Exercise brief: Once you have found the line with "Hettich Möbelband gekröpft" in the records below, retype it and every line after it to the end exactly, with no pictures and nothing more.

Source data: Begin

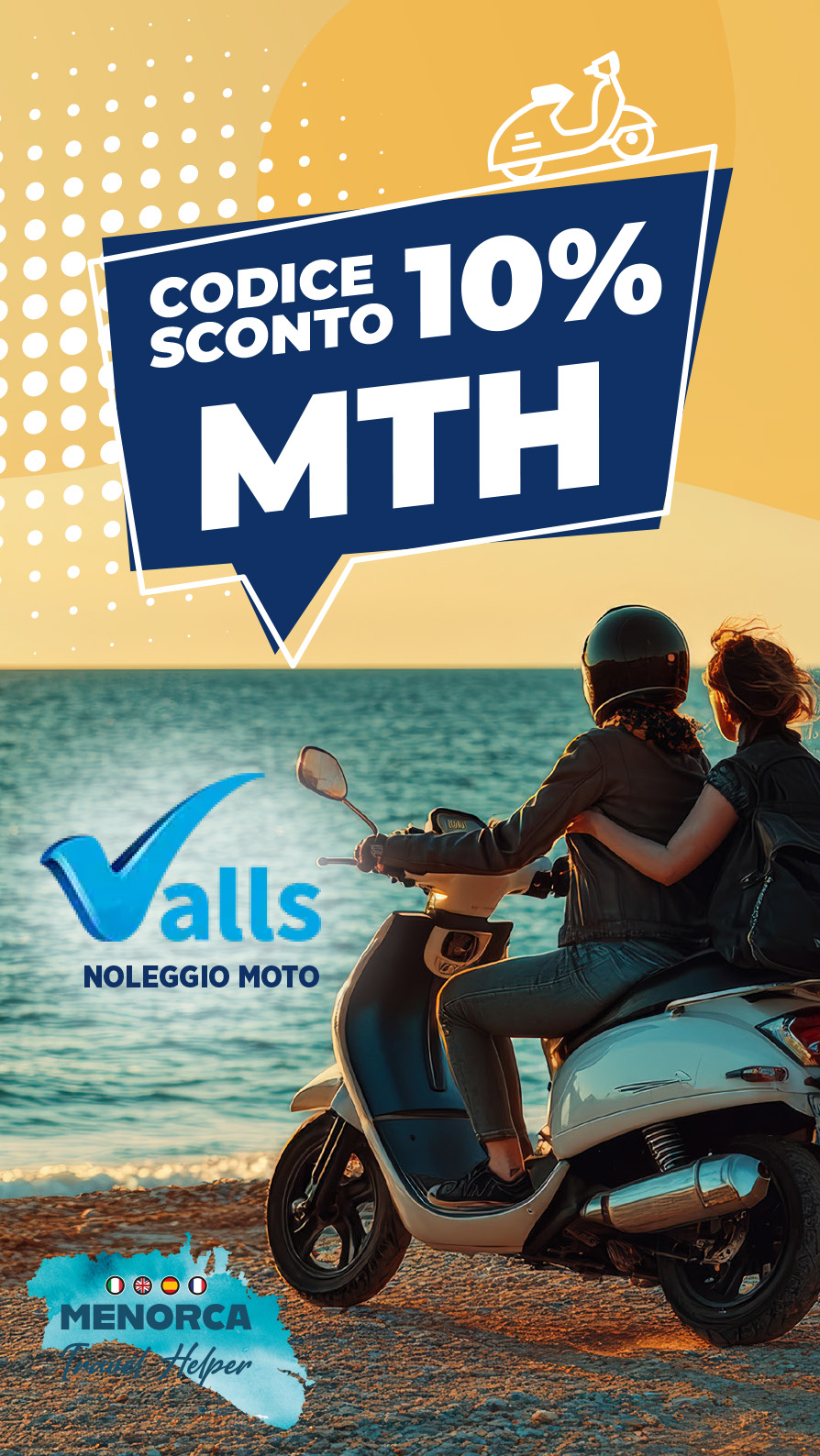 Motos Valls Menorca - Noleggio moto e scooter
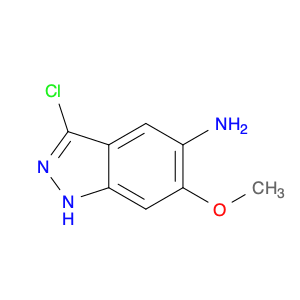 1356017-73-6 3-CHLORO-6-METHOXY-1H-INDAZOL-5-AMINE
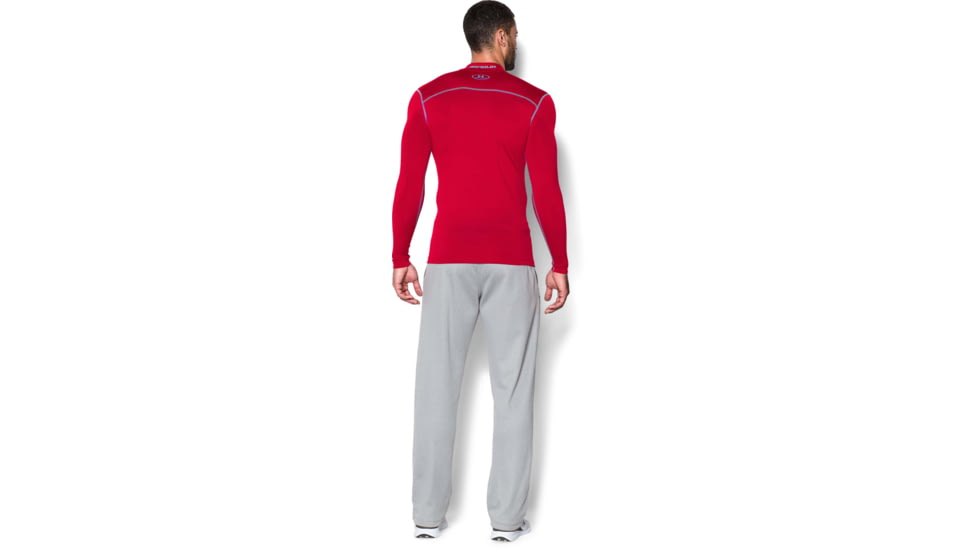 Under Armour UA ColdGear Armour Compression Mock - Mens, Red, 2X-Large, 12656486002X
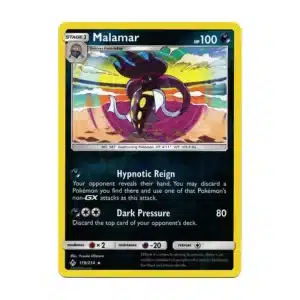 Malamar - Reverse Holo Rare - Unbroken Bonds - 119/214 Pokemon Kartı
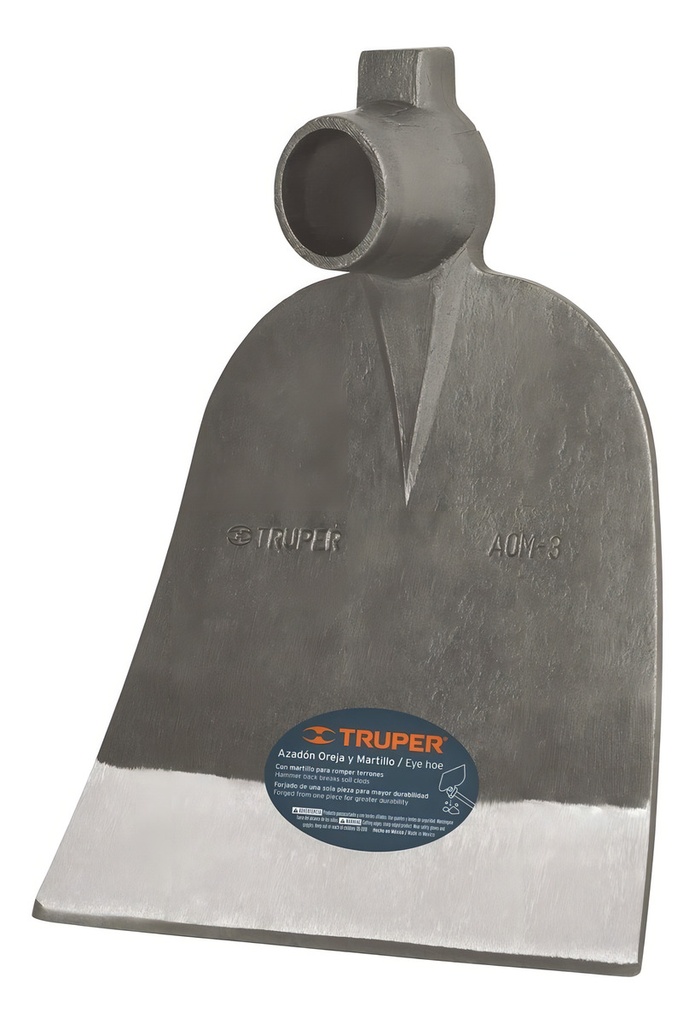 Azadon Oreja Y Martillo Sin Mango #2 2.9 Lb Truper 19980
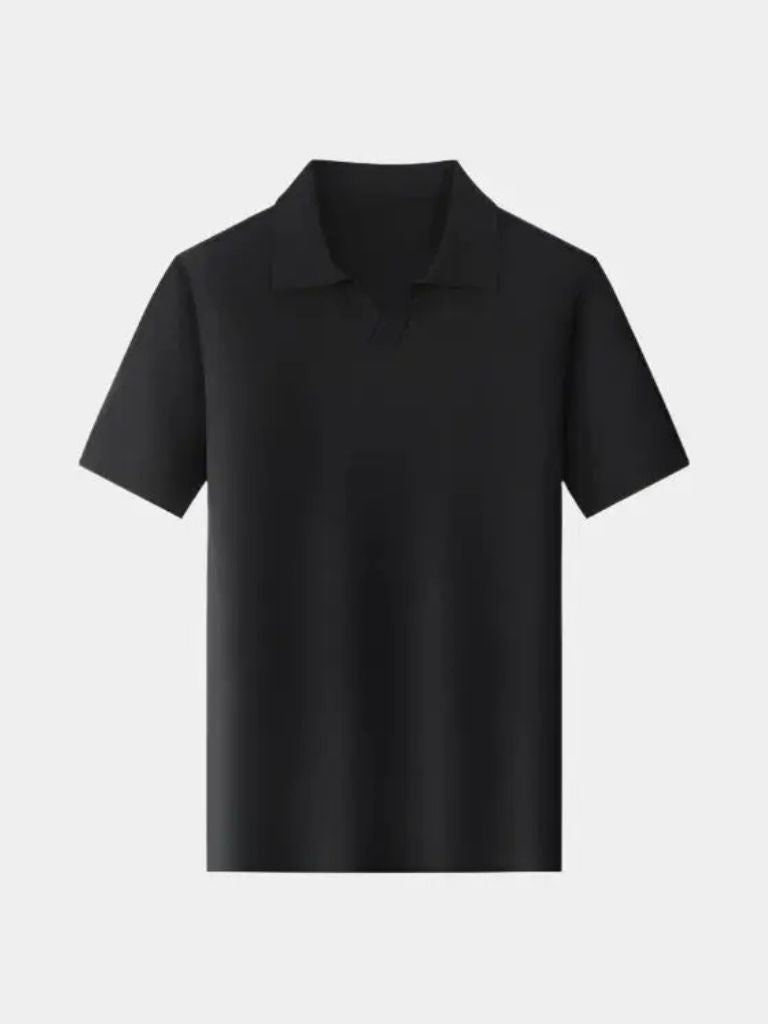 Ger® | Casual Knooploos Gebreid Poloshirt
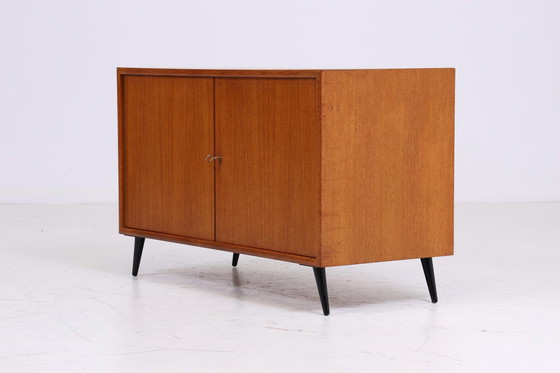 Image 1 of Vintage WK teakhouten ladekast | Mid Century kledingkast | Vintage ladekast retro schoenenkast hal hout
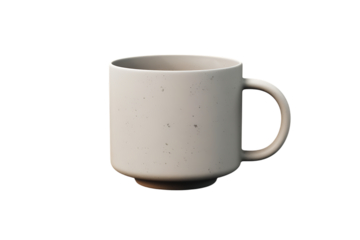 Elegant Speckled Stoneware Mug for Coffee or Tea Enjoyment  isolated on transparent background , cutout
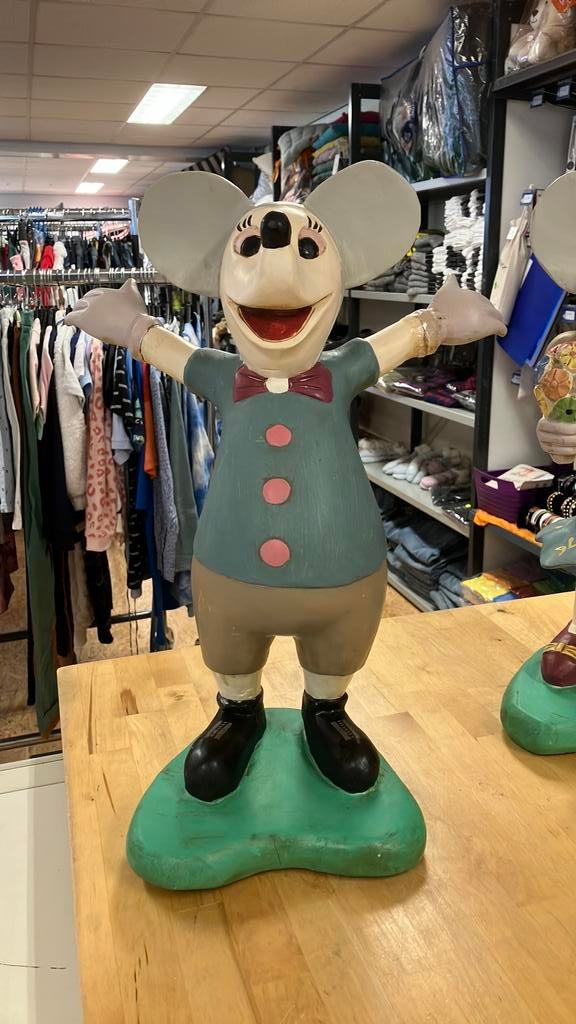 Vintage mickey en minnie, Ophalen, Mickey Mouse, Gebruikt, Beeldje of Figuurtje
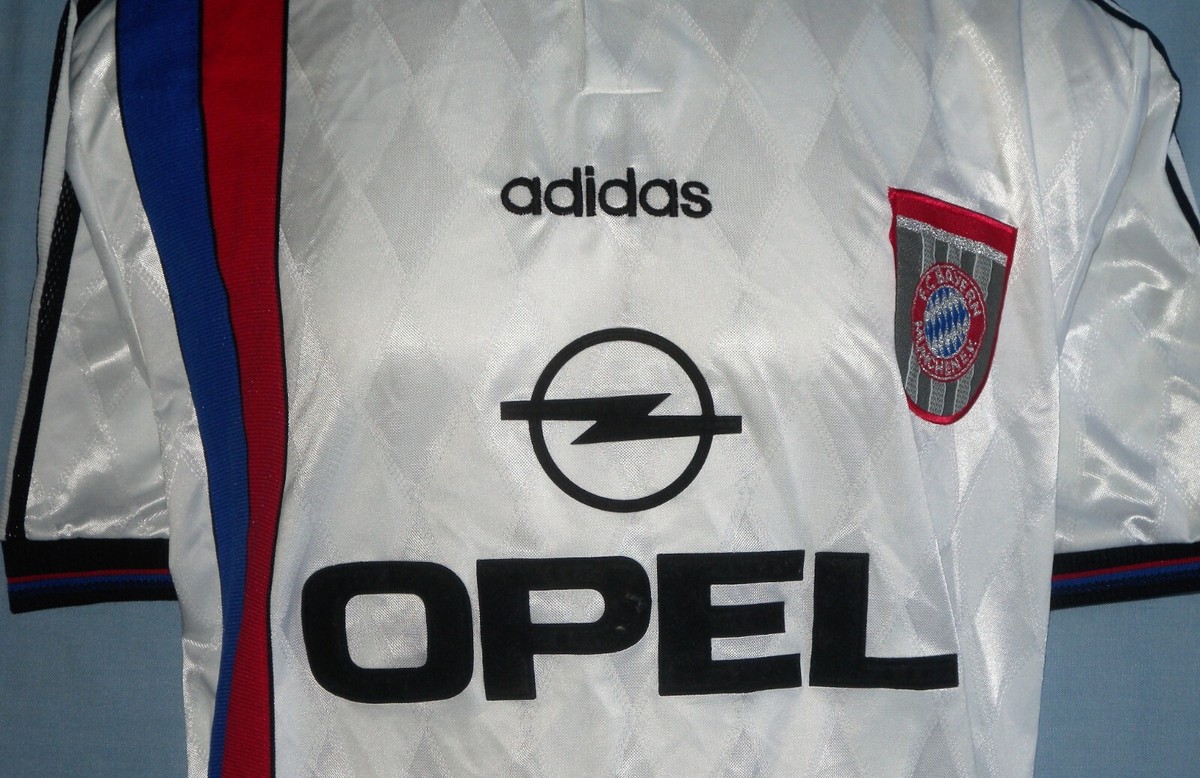 BAYERN MUNICH VINTAGE Matthaus Klinsmann Papin 1996 Uefa Cup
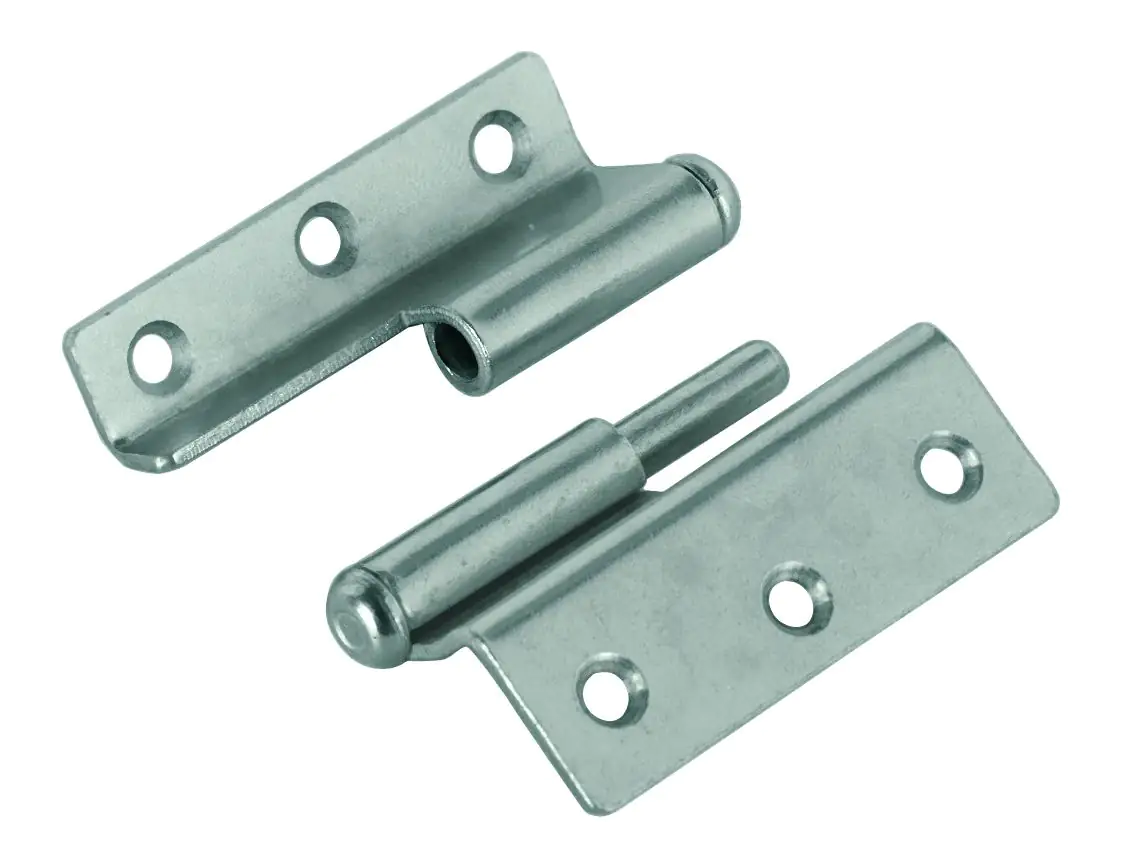 Hettich Möbelband gekröpft links Stahl, vernickelt, 1 Stück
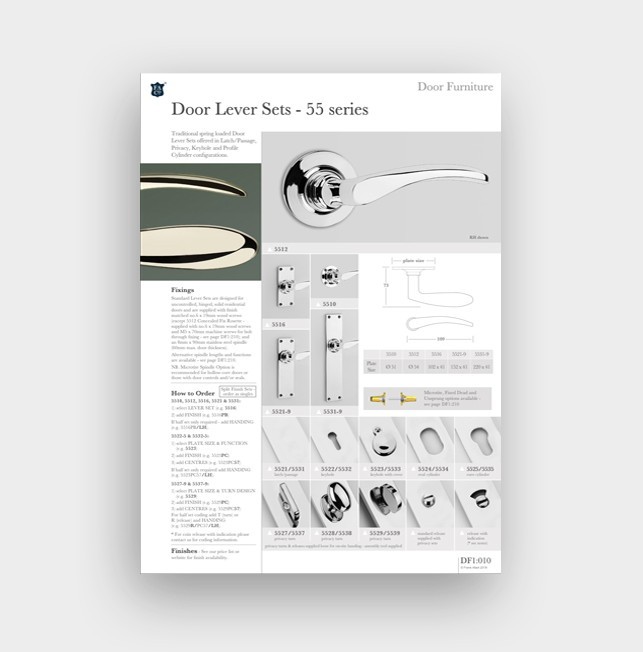 DF1 - Door Lever Sets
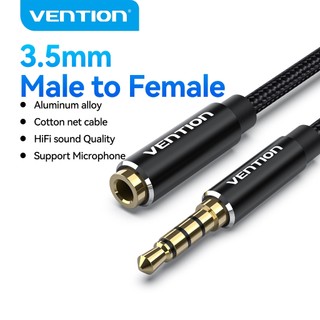 Vention สายสัญญาณเสียงชายกับหญิงขนาด 3.5 มม. สายเคเบิลต่อขยายเสียง TRRS Hifi Clear Audio รองรับไมโครโฟนการควบคุมในสาย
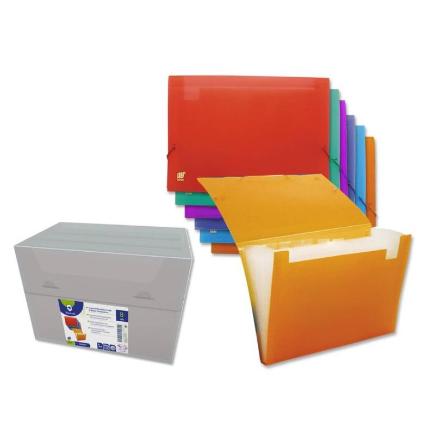 PP CARPETA FUELLE 12 B TRANSP. COL SURT.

Source data: End

Response area:
 Hettich Möbelband gekröpft links Stahl, vernickelt, 1 Stück
 DF1 - Door Lever Sets
 Vention สายสัญญาณเสียงชายกับหญิงขนาด 3.5 มม. สายเคเบิลต่อขยายเสียง TRRS Hifi Clear Audio รองรับไมโครโฟนการควบคุมในสาย
 PP CARPETA FUELLE 12 B TRANSP. COL SURT.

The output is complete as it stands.